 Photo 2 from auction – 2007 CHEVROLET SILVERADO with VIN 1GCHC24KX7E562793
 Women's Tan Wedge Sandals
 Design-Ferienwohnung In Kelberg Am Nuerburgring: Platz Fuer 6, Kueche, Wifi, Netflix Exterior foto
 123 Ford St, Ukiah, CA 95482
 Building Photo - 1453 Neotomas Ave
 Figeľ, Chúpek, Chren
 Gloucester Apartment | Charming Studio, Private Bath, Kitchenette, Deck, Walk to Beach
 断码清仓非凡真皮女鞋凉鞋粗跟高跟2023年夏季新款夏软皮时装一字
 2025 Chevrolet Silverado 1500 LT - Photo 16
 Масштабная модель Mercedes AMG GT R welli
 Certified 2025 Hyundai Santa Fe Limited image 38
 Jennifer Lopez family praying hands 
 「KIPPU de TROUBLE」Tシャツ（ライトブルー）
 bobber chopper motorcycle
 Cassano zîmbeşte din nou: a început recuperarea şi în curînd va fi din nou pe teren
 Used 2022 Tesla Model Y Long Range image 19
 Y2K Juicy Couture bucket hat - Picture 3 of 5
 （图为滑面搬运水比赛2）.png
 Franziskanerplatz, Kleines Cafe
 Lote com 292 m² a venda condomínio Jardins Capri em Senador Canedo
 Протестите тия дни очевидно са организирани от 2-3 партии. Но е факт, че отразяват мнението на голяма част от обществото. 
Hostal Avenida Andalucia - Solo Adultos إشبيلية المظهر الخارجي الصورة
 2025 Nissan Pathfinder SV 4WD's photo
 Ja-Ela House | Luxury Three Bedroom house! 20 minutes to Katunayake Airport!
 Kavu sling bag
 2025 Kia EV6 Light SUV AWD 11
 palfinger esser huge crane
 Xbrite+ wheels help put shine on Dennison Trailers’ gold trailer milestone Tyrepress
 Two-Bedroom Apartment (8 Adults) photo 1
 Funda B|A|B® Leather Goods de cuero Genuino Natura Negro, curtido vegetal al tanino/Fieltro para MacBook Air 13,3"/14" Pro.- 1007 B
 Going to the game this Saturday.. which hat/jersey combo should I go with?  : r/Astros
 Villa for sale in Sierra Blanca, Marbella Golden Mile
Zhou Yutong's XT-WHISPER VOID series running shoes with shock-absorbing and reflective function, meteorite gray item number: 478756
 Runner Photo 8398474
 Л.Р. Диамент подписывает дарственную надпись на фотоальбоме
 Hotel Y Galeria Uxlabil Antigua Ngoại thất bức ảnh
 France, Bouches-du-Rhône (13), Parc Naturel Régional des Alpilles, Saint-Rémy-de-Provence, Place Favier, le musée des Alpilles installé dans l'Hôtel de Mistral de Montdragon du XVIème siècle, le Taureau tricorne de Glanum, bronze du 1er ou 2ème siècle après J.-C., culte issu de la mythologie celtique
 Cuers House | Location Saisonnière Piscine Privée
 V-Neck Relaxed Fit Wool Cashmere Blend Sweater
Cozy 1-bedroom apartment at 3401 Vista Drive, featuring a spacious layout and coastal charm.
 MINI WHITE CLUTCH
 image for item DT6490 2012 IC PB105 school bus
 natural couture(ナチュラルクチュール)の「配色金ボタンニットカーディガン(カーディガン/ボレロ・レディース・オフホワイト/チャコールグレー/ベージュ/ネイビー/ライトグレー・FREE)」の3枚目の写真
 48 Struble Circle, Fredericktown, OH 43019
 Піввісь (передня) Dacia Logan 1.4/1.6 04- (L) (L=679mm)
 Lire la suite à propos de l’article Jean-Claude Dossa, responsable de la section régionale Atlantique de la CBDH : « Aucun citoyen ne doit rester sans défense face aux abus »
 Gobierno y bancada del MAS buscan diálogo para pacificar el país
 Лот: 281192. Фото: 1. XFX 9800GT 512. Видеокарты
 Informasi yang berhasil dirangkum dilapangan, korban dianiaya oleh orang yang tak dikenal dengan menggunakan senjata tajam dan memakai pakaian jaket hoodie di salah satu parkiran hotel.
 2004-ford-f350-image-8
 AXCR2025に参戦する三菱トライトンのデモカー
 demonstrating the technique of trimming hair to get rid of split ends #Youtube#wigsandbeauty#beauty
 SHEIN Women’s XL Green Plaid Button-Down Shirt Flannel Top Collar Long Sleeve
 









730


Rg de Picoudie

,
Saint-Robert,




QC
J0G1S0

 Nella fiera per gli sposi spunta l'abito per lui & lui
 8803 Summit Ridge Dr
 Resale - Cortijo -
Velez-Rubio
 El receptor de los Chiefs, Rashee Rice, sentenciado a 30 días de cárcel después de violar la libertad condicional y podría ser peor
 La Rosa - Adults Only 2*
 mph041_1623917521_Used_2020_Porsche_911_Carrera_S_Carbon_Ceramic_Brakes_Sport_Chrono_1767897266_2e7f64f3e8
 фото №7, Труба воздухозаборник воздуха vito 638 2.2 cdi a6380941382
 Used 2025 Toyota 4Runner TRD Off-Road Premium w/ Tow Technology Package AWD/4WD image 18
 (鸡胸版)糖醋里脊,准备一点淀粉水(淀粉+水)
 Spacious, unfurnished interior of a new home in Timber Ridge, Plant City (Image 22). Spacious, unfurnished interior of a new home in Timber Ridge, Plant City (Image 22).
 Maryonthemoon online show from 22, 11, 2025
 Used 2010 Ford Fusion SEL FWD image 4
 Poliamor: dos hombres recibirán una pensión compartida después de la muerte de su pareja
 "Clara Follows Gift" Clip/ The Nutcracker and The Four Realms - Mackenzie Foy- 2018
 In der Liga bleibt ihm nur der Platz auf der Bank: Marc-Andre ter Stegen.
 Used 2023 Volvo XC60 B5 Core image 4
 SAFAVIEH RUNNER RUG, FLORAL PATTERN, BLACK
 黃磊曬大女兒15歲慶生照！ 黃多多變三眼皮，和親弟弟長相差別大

### Assignment
Reproduce the full set of entries above exactly, without dropping a line.

### Output of the task
 Photo 2 from auction – 2007 CHEVROLET SILVERADO with VIN 1GCHC24KX7E562793
 Women's Tan Wedge Sandals
 Design-Ferienwohnung In Kelberg Am Nuerburgring: Platz Fuer 6, Kueche, Wifi, Netflix Exterior foto
 123 Ford St, Ukiah, CA 95482
 Building Photo - 1453 Neotomas Ave
 Figeľ, Chúpek, Chren
 Gloucester Apartment | Charming Studio, Private Bath, Kitchenette, Deck, Walk to Beach
 断码清仓非凡真皮女鞋凉鞋粗跟高跟2023年夏季新款夏软皮时装一字
 2025 Chevrolet Silverado 1500 LT - Photo 16
 Масштабная модель Mercedes AMG GT R welli
 Certified 2025 Hyundai Santa Fe Limited image 38
 Jennifer Lopez family praying hands 
 「KIPPU de TROUBLE」Tシャツ（ライトブルー）
 bobber chopper motorcycle
 Cassano zîmbeşte din nou: a început recuperarea şi în curînd va fi din nou pe teren
 Used 2022 Tesla Model Y Long Range image 19
 Y2K Juicy Couture bucket hat - Picture 3 of 5
 （图为滑面搬运水比赛2）.png
 Franziskanerplatz, Kleines Cafe
 Lote com 292 m² a venda condomínio Jardins Capri em Senador Canedo
 Протестите тия дни очевидно са организирани от 2-3 партии. Но е факт, че отразяват мнението на голяма част от обществото. 
Hostal Avenida Andalucia - Solo Adultos إشبيلية المظهر الخارجي الصورة
 2025 Nissan Pathfinder SV 4WD's photo
 Ja-Ela House | Luxury Three Bedroom house! 20 minutes to Katunayake Airport!
 Kavu sling bag
 2025 Kia EV6 Light SUV AWD 11
 palfinger esser huge crane
 Xbrite+ wheels help put shine on Dennison Trailers’ gold trailer milestone Tyrepress
 Two-Bedroom Apartment (8 Adults) photo 1
 Funda B|A|B® Leather Goods de cuero Genuino Natura Negro, curtido vegetal al tanino/Fieltro para MacBook Air 13,3"/14" Pro.- 1007 B
 Going to the game this Saturday.. which hat/jersey combo should I go with?  : r/Astros
 Villa for sale in Sierra Blanca, Marbella Golden Mile
Zhou Yutong's XT-WHISPER VOID series running shoes with shock-absorbing and reflective function, meteorite gray item number: 478756
 Runner Photo 8398474
 Л.Р. Диамент подписывает дарственную надпись на фотоальбоме
 Hotel Y Galeria Uxlabil Antigua Ngoại thất bức ảnh
 France, Bouches-du-Rhône (13), Parc Naturel Régional des Alpilles, Saint-Rémy-de-Provence, Place Favier, le musée des Alpilles installé dans l'Hôtel de Mistral de Montdragon du XVIème siècle, le Taureau tricorne de Glanum, bronze du 1er ou 2ème siècle après J.-C., culte issu de la mythologie celtique
 Cuers House | Location Saisonnière Piscine Privée
 V-Neck Relaxed Fit Wool Cashmere Blend Sweater
Cozy 1-bedroom apartment at 3401 Vista Drive, featuring a spacious layout and coastal charm.
 MINI WHITE CLUTCH
 image for item DT6490 2012 IC PB105 school bus
 natural couture(ナチュラルクチュール)の「配色金ボタンニットカーディガン(カーディガン/ボレロ・レディース・オフホワイト/チャコールグレー/ベージュ/ネイビー/ライトグレー・FREE)」の3枚目の写真
 48 Struble Circle, Fredericktown, OH 43019
 Піввісь (передня) Dacia Logan 1.4/1.6 04- (L) (L=679mm)
 Lire la suite à propos de l’article Jean-Claude Dossa, responsable de la section régionale Atlantique de la CBDH : « Aucun citoyen ne doit rester sans défense face aux abus »
 Gobierno y bancada del MAS buscan diálogo para pacificar el país
 Лот: 281192. Фото: 1. XFX 9800GT 512. Видеокарты
 Informasi yang berhasil dirangkum dilapangan, korban dianiaya oleh orang yang tak dikenal dengan menggunakan senjata tajam dan memakai pakaian jaket hoodie di salah satu parkiran hotel.
 2004-ford-f350-image-8
 AXCR2025に参戦する三菱トライトンのデモカー
 demonstrating the technique of trimming hair to get rid of split ends #Youtube#wigsandbeauty#beauty
 SHEIN Women’s XL Green Plaid Button-Down Shirt Flannel Top Collar Long Sleeve
 









730


Rg de Picoudie

,
Saint-Robert,




QC
J0G1S0

 Nella fiera per gli sposi spunta l'abito per lui & lui
 8803 Summit Ridge Dr
 Resale - Cortijo -
Velez-Rubio
 El receptor de los Chiefs, Rashee Rice, sentenciado a 30 días de cárcel después de violar la libertad condicional y podría ser peor
 La Rosa - Adults Only 2*
 mph041_1623917521_Used_2020_Porsche_911_Carrera_S_Carbon_Ceramic_Brakes_Sport_Chrono_1767897266_2e7f64f3e8
 фото №7, Труба воздухозаборник воздуха vito 638 2.2 cdi a6380941382
 Used 2025 Toyota 4Runner TRD Off-Road Premium w/ Tow Technology Package AWD/4WD image 18
 (鸡胸版)糖醋里脊,准备一点淀粉水(淀粉+水)
 Spacious, unfurnished interior of a new home in Timber Ridge, Plant City (Image 22). Spacious, unfurnished interior of a new home in Timber Ridge, Plant City (Image 22).
 Maryonthemoon online show from 22, 11, 2025
 Used 2010 Ford Fusion SEL FWD image 4
 Poliamor: dos hombres recibirán una pensión compartida después de la muerte de su pareja
 "Clara Follows Gift" Clip/ The Nutcracker and The Four Realms - Mackenzie Foy- 2018
 In der Liga bleibt ihm nur der Platz auf der Bank: Marc-Andre ter Stegen.
 Used 2023 Volvo XC60 B5 Core image 4
 SAFAVIEH RUNNER RUG, FLORAL PATTERN, BLACK
 黃磊曬大女兒15歲慶生照！ 黃多多變三眼皮，和親弟弟長相差別大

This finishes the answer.